TRON’s Null-Toleranz-Politik gegenüber illegalen Aktivitäten Sun erklärte, dass sein Unternehmen (er nannte nicht explizit, welches Unternehmen er meinte) sich verpflichtet hat, eine regelkonforme und ehrliche Arbeitsumgebung zu schaffen. Es verfolgt eine „Null-Toleranz“-Linie gegenüber Verbrechen wie illegalem Eindringen, Veruntreuung, illegaler Kontrolle von Computersystemen, Betrug und Bestechung durch Nicht-öffentliche Beamte. Laut Sun würde ein solches Verhalten die Sicherheit des Unternehmens gefährden und „direkt die Eigentums- und Informationssicherheit der Allgemeinheit bedrohen“. Sun ging auch gegen diejenigen vor, die die rechtliche Autorität in Frage stellen, und bezog sich auf die kürzliche SEC-Vereinbarung, die von mehreren Führungsfiguren aus Politik, Finanz- und Tech-Bereich angefochten wurde. Elizabeth Warren sagte, das Abkommen beweise, dass die SEC „ein Schoßhund von Trumps milliardenschweren Kumpels“ geworden sei. Richard Blumenthal, US-Senator für Connecticut, sagte, Trumps Krypto-Unternehmen seien „nichts anderes als ein Bezahl-Bestechungssystem für Regierungsfavors“, und fügte hinzu:

Justin Sun unterstützte Trumps Meme-Coin und sicherte sich einen Platz beim VIP-Krypto-Dinner des Präsidenten. Im Gegenzug erhält er eine großzügige SEC-Vereinbarung für Trons Geschichte massiven Betrugs.

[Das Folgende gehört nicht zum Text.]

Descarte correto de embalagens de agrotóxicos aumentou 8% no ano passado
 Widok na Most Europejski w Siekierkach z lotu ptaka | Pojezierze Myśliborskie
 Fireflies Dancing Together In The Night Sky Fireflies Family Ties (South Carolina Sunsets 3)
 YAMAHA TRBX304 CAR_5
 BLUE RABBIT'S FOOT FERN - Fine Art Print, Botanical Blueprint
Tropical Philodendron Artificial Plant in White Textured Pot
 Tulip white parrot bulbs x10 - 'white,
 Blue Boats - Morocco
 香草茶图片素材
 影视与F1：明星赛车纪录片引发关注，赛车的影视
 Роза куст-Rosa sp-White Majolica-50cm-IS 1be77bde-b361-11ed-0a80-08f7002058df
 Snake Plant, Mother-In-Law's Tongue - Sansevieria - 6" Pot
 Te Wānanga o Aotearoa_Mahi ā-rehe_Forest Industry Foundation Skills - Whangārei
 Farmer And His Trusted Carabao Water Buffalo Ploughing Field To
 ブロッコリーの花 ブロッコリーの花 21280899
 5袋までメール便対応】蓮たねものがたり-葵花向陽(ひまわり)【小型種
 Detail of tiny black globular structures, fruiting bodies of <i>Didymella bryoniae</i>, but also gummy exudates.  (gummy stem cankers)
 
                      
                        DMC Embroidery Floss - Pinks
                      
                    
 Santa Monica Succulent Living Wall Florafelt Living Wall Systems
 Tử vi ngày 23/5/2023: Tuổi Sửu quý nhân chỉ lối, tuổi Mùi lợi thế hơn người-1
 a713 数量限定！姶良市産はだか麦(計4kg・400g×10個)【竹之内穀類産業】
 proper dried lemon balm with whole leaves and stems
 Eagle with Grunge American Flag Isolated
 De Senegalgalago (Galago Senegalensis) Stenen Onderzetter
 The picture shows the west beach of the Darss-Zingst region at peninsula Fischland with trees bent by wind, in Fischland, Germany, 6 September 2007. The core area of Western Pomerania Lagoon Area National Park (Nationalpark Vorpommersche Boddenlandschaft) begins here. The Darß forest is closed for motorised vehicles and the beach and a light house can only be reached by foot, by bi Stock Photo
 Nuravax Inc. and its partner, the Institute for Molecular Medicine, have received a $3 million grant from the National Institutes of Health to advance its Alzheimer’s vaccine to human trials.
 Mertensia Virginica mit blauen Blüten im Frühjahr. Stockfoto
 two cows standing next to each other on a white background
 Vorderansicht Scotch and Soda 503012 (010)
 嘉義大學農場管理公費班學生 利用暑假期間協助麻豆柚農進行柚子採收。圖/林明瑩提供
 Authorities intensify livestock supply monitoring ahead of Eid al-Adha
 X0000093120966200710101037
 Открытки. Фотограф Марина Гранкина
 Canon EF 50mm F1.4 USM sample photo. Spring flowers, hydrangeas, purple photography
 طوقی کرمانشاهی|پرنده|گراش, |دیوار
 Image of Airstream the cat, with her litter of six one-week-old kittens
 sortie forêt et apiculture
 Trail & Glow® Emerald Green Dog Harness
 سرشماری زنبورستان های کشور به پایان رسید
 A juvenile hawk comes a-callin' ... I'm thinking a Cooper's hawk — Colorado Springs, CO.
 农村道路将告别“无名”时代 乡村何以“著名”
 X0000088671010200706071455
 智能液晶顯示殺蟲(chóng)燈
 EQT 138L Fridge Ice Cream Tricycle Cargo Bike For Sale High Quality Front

Sun warnte Personen, die weiterhin Gerüchte gegen sein Unternehmen online verbreiten und „judikative Organe diffamieren“, dass sein Unternehmen den genannten Organen bei rechtlichen Schritten gegen sie helfen werde. Unterdessen lobte Sun TRON Inc., ein an der Nasdaq gelistetes Digital-Asset-Tresorunternehmen, das TRX sammelt. Heute früh gab es bekannt, dass es 173.000 TRX-Token erworben hat, was die Gesamtzahl auf 685 Millionen Token erhöht.